Russian companies are buying rubles to pay their local dividends, giving support to the currency of the world’s largest energy exporter even as crude oil retreats, according to Sberbank CIB, the investment-banking arm of the nation’s biggest lender. At the same time, investors are avoiding any big trades before a Federal Reserve rates decision today as well as Russia’s own meeting on its benchmark borrowing gauge on Friday.

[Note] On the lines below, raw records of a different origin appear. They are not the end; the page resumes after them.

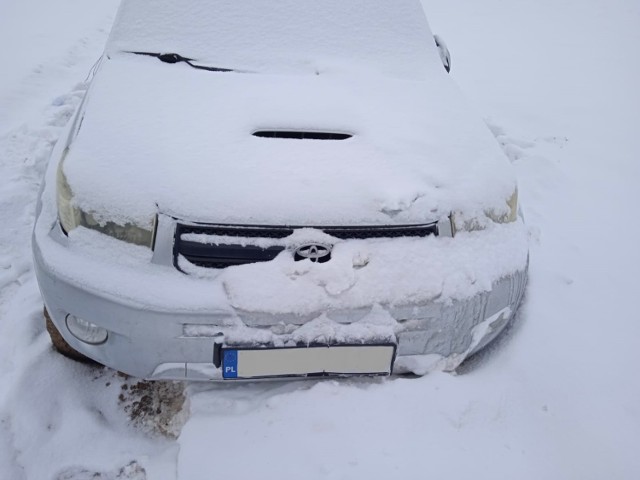 Samochód stał zakopany w zaspie i zasypany śniegiem w Mikołajowicach koło Tarnowa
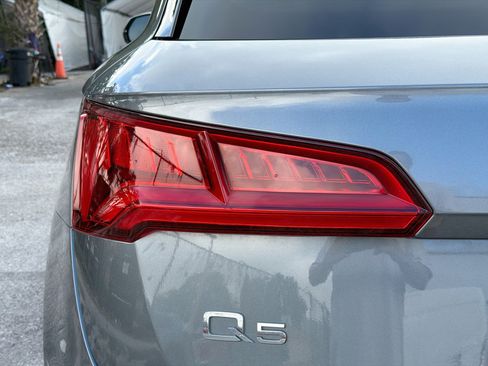 Used 2020 Audi Q5 2.0T Premium Plus AWD/4WD image 10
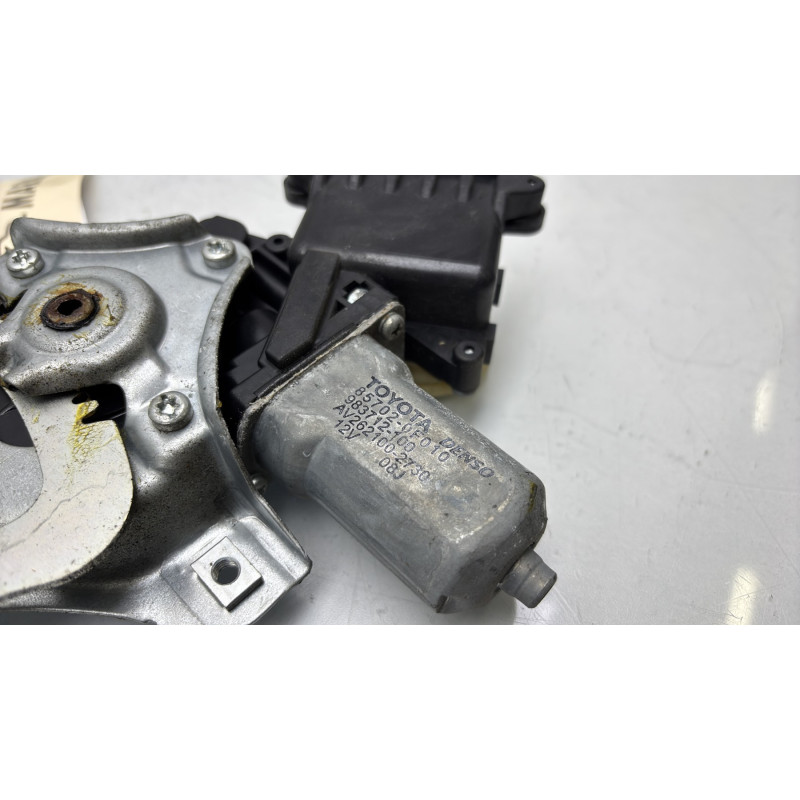 Leve vitre electrique avant gauche TOYOTA YARIS 2 Photo n°9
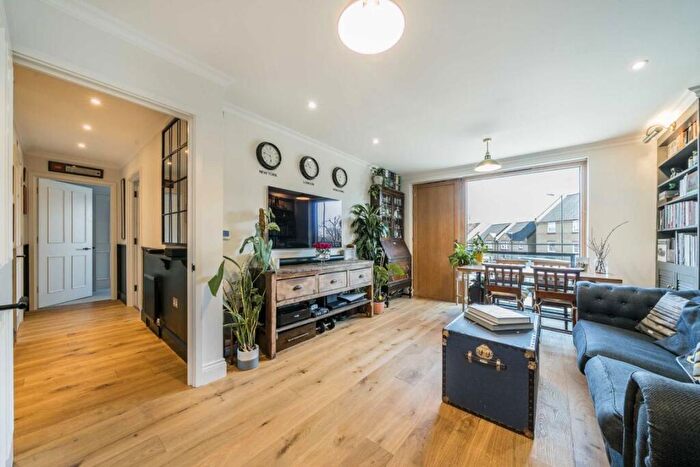 2 Bedroom Flat For Sale In Mare Street, London Fields, E8 - Photo 2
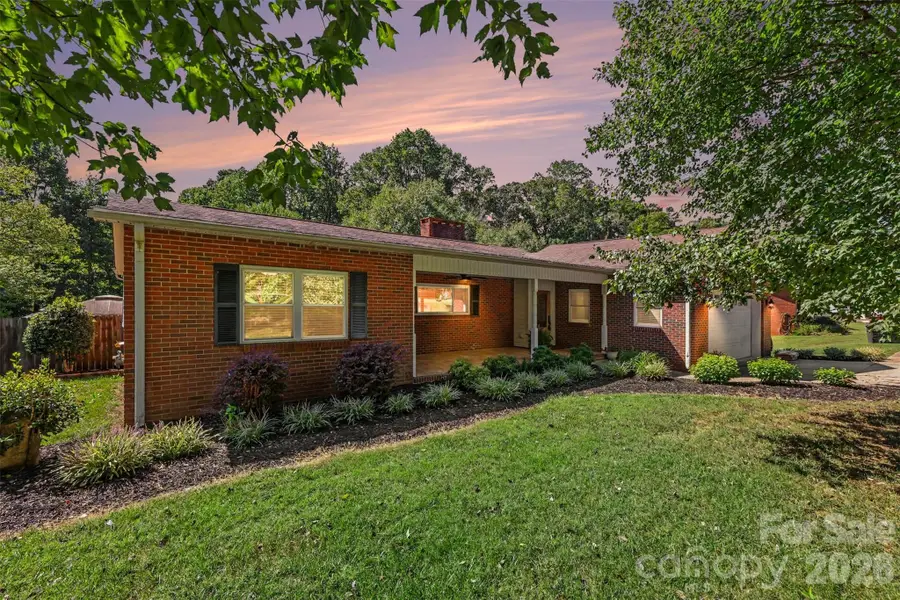 827 Ferndale Drive, Statesville, NC 28677 - #2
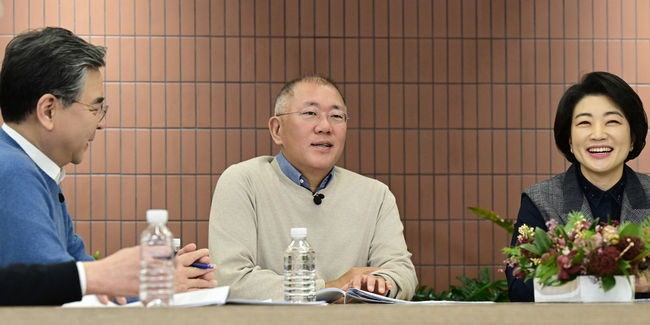 현대차그룹 2025년 신년회에서 그룹 임직원들에게 AI의 중요성 및 그룹의 강점, AI 기술 내재화 필요성을 강조하고 있는 정의선 회장. 사진 왼쪽부터 현대차그룹 장재훈 부회장, 현대차그룹 정의선 회장, 현대차그룹 김혜인 부사장.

“OFZs are helped by the ruble and the ruble is stable thanks to support from exporters, who are paying dividends today and tomorrow,” Nikolay Minko, an analyst at Sberbank CIB, said. “The ruble was hit hard in the past few days and I think there’s an impact as shorts are closed and profits are taken.”

Eurobond Retreat

The decline in borrowing costs comes as the as the government pushes ahead with its debt-sale plan. The Finance Ministry sold all 15 billion rubles ($227 million) of September 2026 fixed-coupon OFZ bonds at 8.75 percent, in line with yesterday’s closing yield, as investors bid for almost four times the debt on offer, producing the highest bid-to-cover ratio since June 8. The ministry also sold all 10 billion rubles of January 2020 floating-rate securities on offer at a separate auction on Wednesday.

The auctions are the last before the Bank of Russia meets on interest rates on Friday. Most analysts, polled by Bloomberg, see the central bank leaving the key rate unchanged at 10.5 percent.

"Demand for OFZs remains quite high, and investors are still betting on the central bank easing monetary policy in the near future," Andrey Kochetkov, analyst at Otkritie, said by e-mail.

While local bonds climbed, Russia’s Eurobonds due April 2042 headed for a 12th day of losses, pushing the yield up to 4.87 percent and widening the spread to similar-maturity U.S. Treasuries to 312 basis points, the most in a month.

Eurobond investors are wary of Russia’s weakened economy and the possibility of higher rates in the U.S. at the end of the year, Alexander Losev, chief executive officer at Sputnik Asset Management in Moscow, said by e-mail.

"The Russian economy still isn’t growing, and a Fed rate hike at the end of the year is absolutely possible.”